**Exercise aim**
Output each line of the data word for word, from the first through the line that holds "Close up, water", and leave off whatever follows.

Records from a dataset
:::

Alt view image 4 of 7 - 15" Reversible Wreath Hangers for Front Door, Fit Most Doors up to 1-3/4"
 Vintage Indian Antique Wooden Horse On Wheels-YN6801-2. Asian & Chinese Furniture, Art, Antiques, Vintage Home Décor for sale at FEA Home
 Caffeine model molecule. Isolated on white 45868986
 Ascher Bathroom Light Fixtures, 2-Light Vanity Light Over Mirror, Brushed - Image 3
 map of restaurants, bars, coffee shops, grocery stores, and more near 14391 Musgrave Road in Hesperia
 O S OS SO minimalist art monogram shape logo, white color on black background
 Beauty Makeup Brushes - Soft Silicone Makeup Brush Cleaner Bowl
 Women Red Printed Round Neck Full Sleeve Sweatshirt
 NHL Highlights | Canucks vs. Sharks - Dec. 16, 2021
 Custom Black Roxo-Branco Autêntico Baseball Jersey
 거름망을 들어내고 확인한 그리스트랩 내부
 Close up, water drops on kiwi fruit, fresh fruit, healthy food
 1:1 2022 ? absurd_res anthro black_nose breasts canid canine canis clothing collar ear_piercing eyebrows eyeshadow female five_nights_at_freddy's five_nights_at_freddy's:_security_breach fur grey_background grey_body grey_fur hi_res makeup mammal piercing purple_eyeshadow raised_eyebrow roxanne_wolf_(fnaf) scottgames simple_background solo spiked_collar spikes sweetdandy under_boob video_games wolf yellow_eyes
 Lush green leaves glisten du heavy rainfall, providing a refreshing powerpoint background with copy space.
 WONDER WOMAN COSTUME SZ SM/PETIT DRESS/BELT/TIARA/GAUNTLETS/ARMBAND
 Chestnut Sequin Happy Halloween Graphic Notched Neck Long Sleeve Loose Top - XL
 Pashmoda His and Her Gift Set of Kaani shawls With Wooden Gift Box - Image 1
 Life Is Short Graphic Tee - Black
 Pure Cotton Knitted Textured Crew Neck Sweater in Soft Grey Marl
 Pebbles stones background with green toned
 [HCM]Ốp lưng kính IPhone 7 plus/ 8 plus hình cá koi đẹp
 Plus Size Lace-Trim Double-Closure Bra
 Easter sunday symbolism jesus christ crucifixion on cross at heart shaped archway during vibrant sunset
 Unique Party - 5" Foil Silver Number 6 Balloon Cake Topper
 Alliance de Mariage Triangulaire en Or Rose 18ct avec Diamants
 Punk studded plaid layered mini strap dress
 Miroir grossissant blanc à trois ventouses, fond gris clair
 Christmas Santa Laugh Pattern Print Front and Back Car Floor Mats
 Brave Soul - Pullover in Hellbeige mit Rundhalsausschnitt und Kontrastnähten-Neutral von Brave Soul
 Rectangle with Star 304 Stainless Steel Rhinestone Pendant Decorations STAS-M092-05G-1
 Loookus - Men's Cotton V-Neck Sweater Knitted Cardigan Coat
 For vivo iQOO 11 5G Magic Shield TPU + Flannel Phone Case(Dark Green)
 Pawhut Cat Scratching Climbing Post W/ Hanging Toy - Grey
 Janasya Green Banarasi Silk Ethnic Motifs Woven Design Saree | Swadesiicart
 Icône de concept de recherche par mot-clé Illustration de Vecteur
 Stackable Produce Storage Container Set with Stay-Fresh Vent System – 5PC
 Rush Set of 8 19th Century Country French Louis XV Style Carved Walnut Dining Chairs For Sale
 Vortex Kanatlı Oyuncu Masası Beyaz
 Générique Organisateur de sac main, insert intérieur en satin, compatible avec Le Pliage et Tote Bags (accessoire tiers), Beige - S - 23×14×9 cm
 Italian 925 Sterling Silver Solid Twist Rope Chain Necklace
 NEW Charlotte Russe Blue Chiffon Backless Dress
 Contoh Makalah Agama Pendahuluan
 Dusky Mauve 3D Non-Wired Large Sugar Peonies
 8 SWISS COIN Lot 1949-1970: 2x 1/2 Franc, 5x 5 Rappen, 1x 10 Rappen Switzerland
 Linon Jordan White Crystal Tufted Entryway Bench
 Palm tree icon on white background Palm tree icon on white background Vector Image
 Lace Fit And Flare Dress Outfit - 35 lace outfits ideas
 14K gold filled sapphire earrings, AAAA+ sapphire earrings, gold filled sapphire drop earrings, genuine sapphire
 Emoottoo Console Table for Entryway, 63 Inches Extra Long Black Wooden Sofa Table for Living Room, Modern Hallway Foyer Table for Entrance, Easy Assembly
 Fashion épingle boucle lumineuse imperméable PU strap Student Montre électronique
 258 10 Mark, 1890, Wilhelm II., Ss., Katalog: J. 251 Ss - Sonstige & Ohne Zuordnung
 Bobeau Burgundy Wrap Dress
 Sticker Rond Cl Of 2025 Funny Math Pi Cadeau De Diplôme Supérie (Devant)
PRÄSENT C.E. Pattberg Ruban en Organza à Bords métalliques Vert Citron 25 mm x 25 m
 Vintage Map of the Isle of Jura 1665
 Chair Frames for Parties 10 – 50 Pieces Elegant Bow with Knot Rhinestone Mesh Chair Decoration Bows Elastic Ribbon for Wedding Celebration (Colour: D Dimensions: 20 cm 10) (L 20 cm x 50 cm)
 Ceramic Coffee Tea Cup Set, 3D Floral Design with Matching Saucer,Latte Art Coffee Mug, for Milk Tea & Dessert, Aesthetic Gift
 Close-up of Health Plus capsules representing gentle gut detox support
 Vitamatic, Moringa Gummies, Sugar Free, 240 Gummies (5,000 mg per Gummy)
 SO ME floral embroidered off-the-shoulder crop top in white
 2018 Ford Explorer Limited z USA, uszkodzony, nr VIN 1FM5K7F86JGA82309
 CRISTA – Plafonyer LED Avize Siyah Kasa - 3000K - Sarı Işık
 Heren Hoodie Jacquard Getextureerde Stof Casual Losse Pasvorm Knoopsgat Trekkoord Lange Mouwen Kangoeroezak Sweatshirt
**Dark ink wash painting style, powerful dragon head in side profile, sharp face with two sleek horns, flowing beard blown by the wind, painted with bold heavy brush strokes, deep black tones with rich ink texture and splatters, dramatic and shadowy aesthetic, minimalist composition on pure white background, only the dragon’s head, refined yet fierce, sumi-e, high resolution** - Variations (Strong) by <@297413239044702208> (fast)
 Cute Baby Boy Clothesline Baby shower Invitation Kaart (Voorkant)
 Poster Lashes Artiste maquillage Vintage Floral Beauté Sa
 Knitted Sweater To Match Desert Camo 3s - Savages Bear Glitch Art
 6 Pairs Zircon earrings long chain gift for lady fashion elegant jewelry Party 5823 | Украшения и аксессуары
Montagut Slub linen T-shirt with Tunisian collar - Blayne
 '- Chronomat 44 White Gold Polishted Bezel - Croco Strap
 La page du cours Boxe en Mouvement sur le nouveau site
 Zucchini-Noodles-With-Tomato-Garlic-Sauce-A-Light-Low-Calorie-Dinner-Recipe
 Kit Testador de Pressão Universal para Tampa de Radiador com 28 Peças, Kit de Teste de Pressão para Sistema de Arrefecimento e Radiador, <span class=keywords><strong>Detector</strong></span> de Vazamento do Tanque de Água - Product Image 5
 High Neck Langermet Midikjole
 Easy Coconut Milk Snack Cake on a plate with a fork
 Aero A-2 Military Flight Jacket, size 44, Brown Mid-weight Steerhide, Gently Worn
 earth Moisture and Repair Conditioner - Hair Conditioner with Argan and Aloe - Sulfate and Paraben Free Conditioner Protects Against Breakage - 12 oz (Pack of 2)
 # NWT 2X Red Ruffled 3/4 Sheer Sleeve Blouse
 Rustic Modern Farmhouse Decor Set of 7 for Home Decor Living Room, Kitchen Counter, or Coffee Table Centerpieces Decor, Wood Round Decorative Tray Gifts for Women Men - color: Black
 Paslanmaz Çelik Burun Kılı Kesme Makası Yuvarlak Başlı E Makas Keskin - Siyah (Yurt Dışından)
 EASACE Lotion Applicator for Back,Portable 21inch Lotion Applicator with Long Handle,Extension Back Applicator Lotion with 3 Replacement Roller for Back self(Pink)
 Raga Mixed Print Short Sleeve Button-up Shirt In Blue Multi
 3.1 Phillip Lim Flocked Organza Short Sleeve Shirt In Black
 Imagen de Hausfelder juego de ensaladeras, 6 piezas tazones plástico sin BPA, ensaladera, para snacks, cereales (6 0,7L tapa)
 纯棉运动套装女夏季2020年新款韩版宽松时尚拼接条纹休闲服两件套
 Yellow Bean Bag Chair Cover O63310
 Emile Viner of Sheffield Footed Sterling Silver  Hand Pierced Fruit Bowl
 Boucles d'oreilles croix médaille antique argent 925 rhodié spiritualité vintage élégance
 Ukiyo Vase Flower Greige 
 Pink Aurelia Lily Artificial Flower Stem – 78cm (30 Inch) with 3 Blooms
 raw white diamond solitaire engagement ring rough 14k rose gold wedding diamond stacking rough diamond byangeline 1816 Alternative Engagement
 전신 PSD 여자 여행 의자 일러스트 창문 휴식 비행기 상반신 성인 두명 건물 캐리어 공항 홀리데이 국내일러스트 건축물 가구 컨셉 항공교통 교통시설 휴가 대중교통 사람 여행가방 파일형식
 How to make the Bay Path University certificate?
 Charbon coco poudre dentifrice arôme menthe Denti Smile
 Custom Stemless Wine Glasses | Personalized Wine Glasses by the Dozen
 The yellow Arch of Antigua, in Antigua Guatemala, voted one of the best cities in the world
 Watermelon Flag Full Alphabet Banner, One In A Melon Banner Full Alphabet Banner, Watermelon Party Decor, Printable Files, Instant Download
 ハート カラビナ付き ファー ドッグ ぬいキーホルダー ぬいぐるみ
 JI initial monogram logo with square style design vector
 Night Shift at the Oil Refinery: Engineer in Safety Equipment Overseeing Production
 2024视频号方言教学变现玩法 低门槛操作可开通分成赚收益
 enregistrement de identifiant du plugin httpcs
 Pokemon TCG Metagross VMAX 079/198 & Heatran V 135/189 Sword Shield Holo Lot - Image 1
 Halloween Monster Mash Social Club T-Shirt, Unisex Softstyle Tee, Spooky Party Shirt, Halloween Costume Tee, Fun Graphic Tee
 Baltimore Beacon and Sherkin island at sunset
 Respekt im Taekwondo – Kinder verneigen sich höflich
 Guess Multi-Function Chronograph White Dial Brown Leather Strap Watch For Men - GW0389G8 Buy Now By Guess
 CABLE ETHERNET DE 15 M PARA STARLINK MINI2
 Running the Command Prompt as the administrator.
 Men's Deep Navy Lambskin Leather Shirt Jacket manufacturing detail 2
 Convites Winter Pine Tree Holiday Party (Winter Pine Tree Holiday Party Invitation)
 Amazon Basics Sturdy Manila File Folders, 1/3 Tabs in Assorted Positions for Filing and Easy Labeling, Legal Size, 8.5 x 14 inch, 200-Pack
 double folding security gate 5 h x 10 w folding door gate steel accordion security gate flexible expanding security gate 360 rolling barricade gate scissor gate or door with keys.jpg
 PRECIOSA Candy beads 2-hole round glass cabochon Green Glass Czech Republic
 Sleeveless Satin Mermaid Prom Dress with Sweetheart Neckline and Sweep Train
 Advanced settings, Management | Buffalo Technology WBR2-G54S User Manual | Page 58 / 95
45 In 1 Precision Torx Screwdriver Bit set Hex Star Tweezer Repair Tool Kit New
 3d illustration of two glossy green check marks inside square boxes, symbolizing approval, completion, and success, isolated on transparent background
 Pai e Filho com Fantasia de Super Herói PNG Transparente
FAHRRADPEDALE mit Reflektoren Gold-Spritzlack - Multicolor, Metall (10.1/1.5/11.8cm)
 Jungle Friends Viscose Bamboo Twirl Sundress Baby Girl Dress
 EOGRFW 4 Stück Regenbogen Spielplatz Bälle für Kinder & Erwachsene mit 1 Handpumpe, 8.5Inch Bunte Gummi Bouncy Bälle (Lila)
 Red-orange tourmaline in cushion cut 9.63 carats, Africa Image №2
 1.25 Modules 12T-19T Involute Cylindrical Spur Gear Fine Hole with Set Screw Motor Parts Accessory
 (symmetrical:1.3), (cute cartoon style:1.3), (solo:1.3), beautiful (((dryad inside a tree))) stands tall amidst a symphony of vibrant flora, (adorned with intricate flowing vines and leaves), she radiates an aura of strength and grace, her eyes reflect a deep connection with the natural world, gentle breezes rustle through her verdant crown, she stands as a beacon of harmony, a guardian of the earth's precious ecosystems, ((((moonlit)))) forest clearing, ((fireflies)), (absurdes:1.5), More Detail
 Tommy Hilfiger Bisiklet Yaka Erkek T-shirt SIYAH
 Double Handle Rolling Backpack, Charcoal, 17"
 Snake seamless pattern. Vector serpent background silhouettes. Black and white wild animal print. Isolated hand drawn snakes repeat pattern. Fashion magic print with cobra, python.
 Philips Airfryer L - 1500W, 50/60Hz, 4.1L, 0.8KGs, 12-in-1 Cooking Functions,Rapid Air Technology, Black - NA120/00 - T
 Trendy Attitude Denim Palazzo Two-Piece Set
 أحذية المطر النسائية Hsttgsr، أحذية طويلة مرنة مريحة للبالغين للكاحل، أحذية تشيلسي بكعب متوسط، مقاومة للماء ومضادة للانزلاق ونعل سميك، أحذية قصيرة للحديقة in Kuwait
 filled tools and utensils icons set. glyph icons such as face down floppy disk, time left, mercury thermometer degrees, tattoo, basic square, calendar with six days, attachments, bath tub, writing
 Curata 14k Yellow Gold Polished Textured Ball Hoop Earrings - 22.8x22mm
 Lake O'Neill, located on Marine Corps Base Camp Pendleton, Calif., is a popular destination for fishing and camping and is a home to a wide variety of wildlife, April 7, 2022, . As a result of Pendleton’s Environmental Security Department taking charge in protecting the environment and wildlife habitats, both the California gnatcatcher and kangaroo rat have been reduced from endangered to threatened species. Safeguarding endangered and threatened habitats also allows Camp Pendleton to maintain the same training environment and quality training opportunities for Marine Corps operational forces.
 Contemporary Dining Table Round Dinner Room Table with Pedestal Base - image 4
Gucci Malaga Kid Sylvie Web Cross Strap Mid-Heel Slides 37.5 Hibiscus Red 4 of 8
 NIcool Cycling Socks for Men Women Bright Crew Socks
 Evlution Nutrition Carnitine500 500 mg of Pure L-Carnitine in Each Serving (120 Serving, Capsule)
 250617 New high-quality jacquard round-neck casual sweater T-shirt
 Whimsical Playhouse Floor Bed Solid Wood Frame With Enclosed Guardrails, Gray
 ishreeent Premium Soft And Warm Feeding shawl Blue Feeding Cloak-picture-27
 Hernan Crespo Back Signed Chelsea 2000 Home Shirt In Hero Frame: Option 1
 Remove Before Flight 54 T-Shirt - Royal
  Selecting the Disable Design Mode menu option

:::

**Result of the task**
Alt view image 4 of 7 - 15" Reversible Wreath Hangers for Front Door, Fit Most Doors up to 1-3/4"
 Vintage Indian Antique Wooden Horse On Wheels-YN6801-2. Asian & Chinese Furniture, Art, Antiques, Vintage Home Décor for sale at FEA Home
 Caffeine model molecule. Isolated on white 45868986
 Ascher Bathroom Light Fixtures, 2-Light Vanity Light Over Mirror, Brushed - Image 3
 map of restaurants, bars, coffee shops, grocery stores, and more near 14391 Musgrave Road in Hesperia
 O S OS SO minimalist art monogram shape logo, white color on black background
 Beauty Makeup Brushes - Soft Silicone Makeup Brush Cleaner Bowl
 Women Red Printed Round Neck Full Sleeve Sweatshirt
 NHL Highlights | Canucks vs. Sharks - Dec. 16, 2021
 Custom Black Roxo-Branco Autêntico Baseball Jersey
 거름망을 들어내고 확인한 그리스트랩 내부
 Close up, water drops on kiwi fruit, fresh fruit, healthy food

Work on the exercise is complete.